Elisabete Finger é performer e coreógrafa, desenvolve trabalhos que perseguem uma ‘lógica de sensações’ e se ocupam de um erotismo da matéria: um corpo-matéria que se funde, colide, atravessa outras matérias. Foi artista residente na Casa Hoffmann (Curitiba), fez parte da Formação Essais no Centre National de Danse Contemporaine d’Angers (França), e do Programa SODA – Solo/Dance/Authorship (Berlim – Alemanha). Além disso, desenvolveu o projeto Discoreografia – Música, Dança e Blá, Blá, Blá – programas em áudio e vídeo, que tratam das relações possíveis entre música, movimento e processos criativos em artes do corpo (realizado pelo Ministério da Cultura e Instituto Itaú Cultural).

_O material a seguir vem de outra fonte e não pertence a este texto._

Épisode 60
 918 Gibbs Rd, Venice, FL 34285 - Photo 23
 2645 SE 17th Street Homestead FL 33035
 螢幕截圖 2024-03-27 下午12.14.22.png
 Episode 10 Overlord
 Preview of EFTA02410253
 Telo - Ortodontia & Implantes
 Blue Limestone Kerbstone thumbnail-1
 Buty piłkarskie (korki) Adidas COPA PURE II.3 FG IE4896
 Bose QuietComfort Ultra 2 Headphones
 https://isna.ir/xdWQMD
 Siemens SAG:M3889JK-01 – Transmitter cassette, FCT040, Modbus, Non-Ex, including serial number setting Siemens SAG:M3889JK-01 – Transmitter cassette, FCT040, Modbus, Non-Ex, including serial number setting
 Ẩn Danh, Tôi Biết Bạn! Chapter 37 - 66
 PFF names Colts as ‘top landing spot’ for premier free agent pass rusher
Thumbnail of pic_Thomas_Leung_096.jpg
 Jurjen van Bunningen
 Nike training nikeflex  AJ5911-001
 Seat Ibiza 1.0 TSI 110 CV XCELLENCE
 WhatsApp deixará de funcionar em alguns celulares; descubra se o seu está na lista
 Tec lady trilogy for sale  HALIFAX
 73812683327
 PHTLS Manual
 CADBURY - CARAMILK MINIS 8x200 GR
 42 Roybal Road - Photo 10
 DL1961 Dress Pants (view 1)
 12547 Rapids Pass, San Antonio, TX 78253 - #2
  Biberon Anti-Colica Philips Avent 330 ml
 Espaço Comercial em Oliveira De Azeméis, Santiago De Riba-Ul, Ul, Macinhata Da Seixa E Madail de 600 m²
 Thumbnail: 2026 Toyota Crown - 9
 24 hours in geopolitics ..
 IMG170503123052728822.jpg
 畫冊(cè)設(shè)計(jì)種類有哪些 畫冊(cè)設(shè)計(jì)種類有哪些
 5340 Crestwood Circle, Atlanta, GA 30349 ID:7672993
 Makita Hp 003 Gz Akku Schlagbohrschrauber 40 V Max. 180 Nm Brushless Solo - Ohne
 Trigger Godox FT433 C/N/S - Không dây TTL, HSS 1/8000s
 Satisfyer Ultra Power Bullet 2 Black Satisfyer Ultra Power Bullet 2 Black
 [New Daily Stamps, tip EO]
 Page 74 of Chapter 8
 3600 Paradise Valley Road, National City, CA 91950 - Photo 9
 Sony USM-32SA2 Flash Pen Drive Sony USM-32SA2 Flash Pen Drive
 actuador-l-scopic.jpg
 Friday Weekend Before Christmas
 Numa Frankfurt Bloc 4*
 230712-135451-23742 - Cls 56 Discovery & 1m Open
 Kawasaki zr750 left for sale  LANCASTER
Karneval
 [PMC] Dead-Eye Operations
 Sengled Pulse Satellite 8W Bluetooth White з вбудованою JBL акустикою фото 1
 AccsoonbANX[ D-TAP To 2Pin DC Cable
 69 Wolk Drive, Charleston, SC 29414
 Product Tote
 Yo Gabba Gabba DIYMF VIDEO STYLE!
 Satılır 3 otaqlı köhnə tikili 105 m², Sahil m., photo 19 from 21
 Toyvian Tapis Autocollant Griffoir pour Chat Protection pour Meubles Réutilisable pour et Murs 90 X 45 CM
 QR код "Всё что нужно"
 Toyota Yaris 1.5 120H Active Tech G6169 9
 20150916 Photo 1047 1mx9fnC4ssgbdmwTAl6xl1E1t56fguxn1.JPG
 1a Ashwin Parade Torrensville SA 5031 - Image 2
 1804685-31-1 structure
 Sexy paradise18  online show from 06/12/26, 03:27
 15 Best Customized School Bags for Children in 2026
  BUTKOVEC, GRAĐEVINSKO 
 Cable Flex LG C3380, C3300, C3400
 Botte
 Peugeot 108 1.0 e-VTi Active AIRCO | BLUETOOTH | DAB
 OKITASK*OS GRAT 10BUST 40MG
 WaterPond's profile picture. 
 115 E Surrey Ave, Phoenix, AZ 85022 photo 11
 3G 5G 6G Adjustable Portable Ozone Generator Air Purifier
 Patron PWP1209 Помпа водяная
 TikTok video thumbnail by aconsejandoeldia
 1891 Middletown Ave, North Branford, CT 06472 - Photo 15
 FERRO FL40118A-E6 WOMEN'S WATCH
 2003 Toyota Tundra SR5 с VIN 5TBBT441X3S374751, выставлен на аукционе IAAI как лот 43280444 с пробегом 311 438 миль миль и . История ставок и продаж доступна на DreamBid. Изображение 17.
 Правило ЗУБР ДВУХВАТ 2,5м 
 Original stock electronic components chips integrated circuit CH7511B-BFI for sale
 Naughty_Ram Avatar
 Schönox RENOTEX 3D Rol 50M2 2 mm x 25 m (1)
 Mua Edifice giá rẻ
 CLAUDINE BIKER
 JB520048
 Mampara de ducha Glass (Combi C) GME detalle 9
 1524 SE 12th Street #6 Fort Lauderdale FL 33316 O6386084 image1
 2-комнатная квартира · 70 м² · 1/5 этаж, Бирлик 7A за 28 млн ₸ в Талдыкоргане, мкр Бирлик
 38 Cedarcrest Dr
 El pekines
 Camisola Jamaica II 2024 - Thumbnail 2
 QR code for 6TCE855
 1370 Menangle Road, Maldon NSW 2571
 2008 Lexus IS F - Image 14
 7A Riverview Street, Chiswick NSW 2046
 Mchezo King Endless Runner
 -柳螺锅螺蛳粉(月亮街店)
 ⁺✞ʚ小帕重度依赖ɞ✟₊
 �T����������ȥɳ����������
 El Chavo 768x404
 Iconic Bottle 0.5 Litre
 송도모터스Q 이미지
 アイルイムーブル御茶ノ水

Primeiro, Elisabete, gostaria que você fizesse uma apresentação da tua formação e do que vem sendo teu trabalho ao longo desses anos.
Eu sempre estive envolvida com dança de alguma forma, mas foi só aos 17 anos que entrei num curso regular de dança. Morava em Curitiba e comecei a frequentar o Curso Permanente de Dança Moderna, ligado a Universidade Federal do Paraná. Além das aulas práticas diárias, o CPDM oferecia aulas teóricas de anatomia, teoria, história da dança… Foi então que eu comecei a me dar conta de que a dança é uma área de conhecimento e que há muito para se estudar e para produzir dentro desta área. Mas, na mesma época, eu fazia cursinho pré-vestibular, morava com meus pais e sentia essa pressão/preocupação familiar, era importante “ter uma profissão” e a dança não aparecia na lista de possibilidades. Acabei entrando na faculdade de Direito e, durante cinco anos, aquele prédio da UFPR no centro de Curitiba foi minha casa, estudava Direito pela manhã e frequentava as aulas de dança à tarde.
Quando terminei o curso de Direito eu já sabia que não seguiria carreira, já estava completamente envolvida com a dança. Fui estudar ballet clássico intensivamente durante alguns anos, antes de encontrar a dança contemporânea. Nesta época (2003/2004), tive a sorte de pegar os primeiros anos do Centro de Estudos do Movimento, na Casa Hoffmann em Curitiba. Sob a curadoria de Rosane Chamecki e Andrea Lerner, coreógrafas brasileiras radicadas em NYC, a Casa Hoffmann recebeu muitos artistas, nacionais e internacionais, com modos de operar e de criar muito diversos. O programa selecionava sete artistas locais para uma bolsa de residência semestral e eu fui uma das artistas residentes. Aprendi muito com aquele movimento.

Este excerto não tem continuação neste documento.